Executive Order 12333 is binding on executive branch personnel and those operating on its behalf and violations may result in administrative discipline, including dismissal from service. With a possible exception for military personnel, however, it is not a crime to violate a provision of Executive Order 12333. While a president can revoke the executive order’s prohibition on assassination, that would not thereby permit operations that would violate the referenced federal criminal statutes.
The president would need to be apprised whether the covert action or any specific means authorized for the covert action could be seen as inconsistent with provisions of international law, including views of international law that differ with those held by the United States.
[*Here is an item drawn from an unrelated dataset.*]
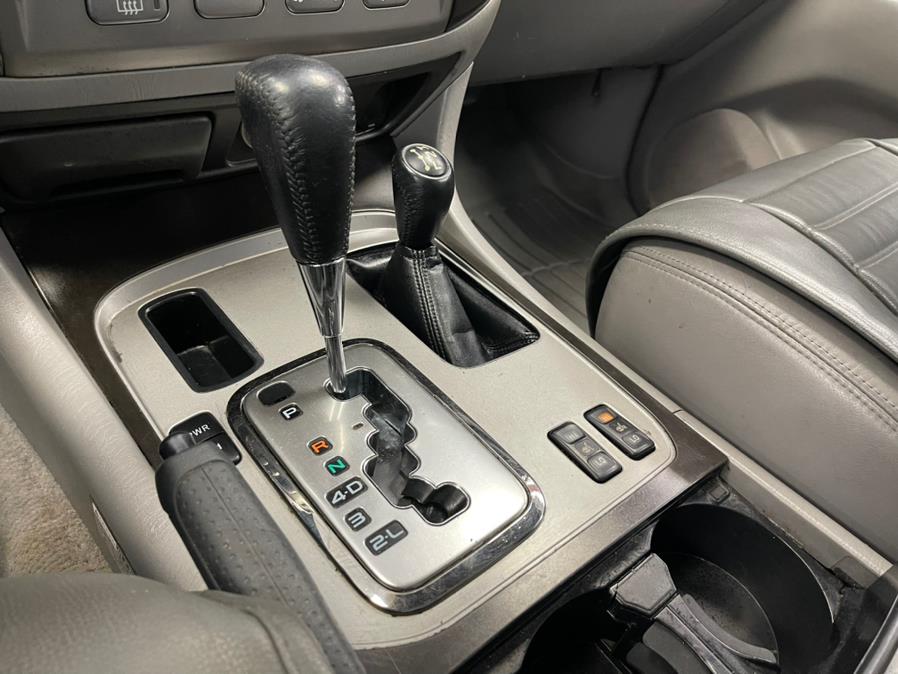 2005 Toyota Land Cruiser 4dr 4WD, available for sale in Inwood, New York | 5 Towns Drive. Inwood, New York 2005 Toyota Land Cruiser 4dr 4WD, available for sale in Inwood, New York | 5 Towns Drive. Inwood, New York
The National Security Act does not bar the president from authorizing a covert action that might violate aspects of international law so long as those aspects are neither codified in a federal statute nor that constrain United States conduct as a matter of U.S. Constitutional law. Once apprised, the president may then knowingly decide as a matter of policy whether or not to authorize that covert action or those means under a covert action.
A finding, however, could not permit CIA to use means intended to influence United States political processes, public opinion, policies, or media. For example, a finding could not authorize CIA to try to influence regime change abroad by influencing the U.S. media to print certain stories. While this restriction sounds straightforward and simple to meet, the pervasive osmosis of information into the borderless digital realm presents an increasingly difficult challenge.
Congress can also refuse to appropriate funding for, or prohibit the use of existing appropriated funds for specific activities under any covert actions. Thus, were a finding to issue authorizing CIA to undertake regime change operations to which Congress objected, Congress could effectively nullify or limit the regime change operations authorized in a finding by exercising its “power of the purse” to withholding funds from all or parts of the covert action.
In short, CIA’s authority to conduct operations for the purpose of effecting a regime change overseas is clear if the operation is a covert action. The president must authorize the covert action and notify Congress. The covert action could not be pursued using means that would violate the U.S. Constitution, federal statutes, or Executive Order 12333’s ban on assassination, and that avoids or minimizes an unintended influence on United States political processes, public opinion, policies, or media. The covert action would need to have sufficient support in Congress that appropriated funds would be made available.